Entries provided –
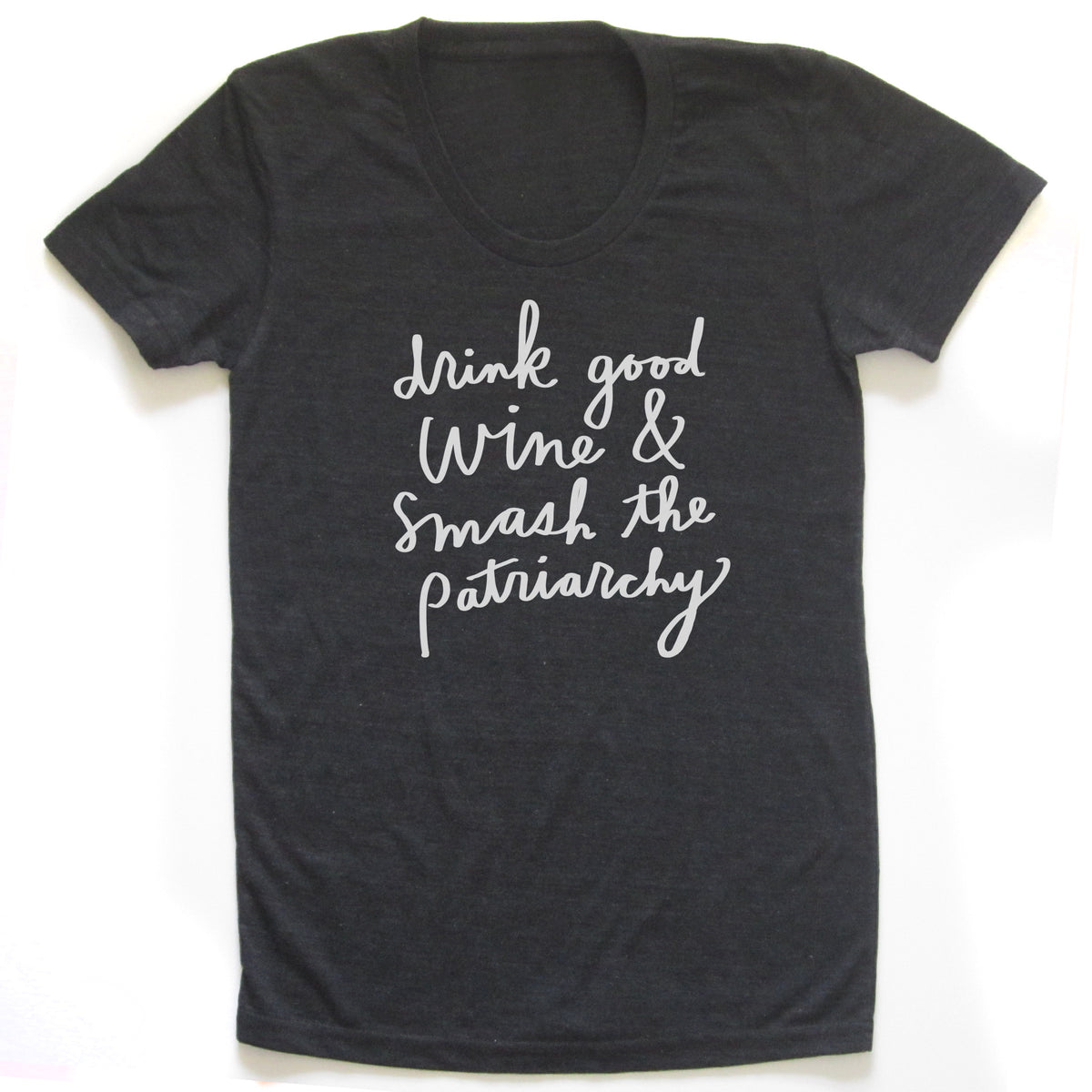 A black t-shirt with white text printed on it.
* * *
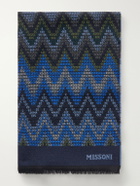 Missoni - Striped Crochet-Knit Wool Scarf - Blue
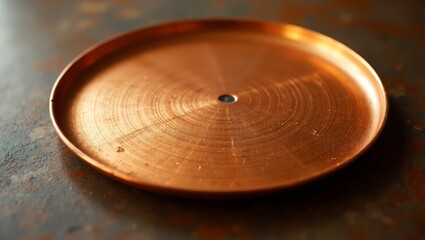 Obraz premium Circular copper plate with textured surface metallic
---
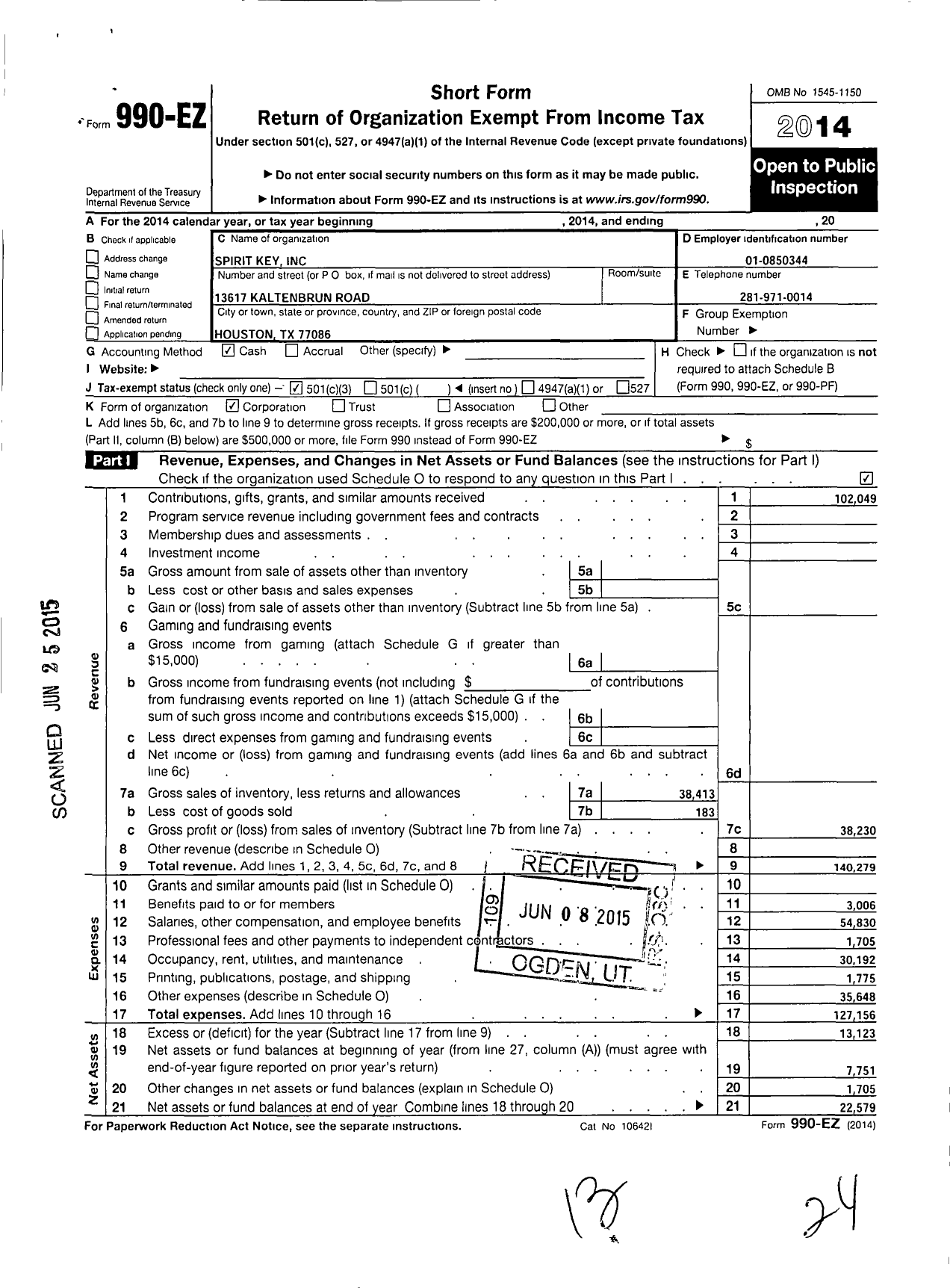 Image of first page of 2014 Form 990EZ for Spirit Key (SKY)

Task to complete –
Everything above from the line containing "Missoni - Striped" down to the line containing "Obraz premium Circular" is to be duplicated exactly, both lines included, and the pictures are to be omitted.

Problem solution –
 Missoni - Striped Crochet-Knit Wool Scarf - Blue
 Obraz premium Circular copper plate with textured surface metallic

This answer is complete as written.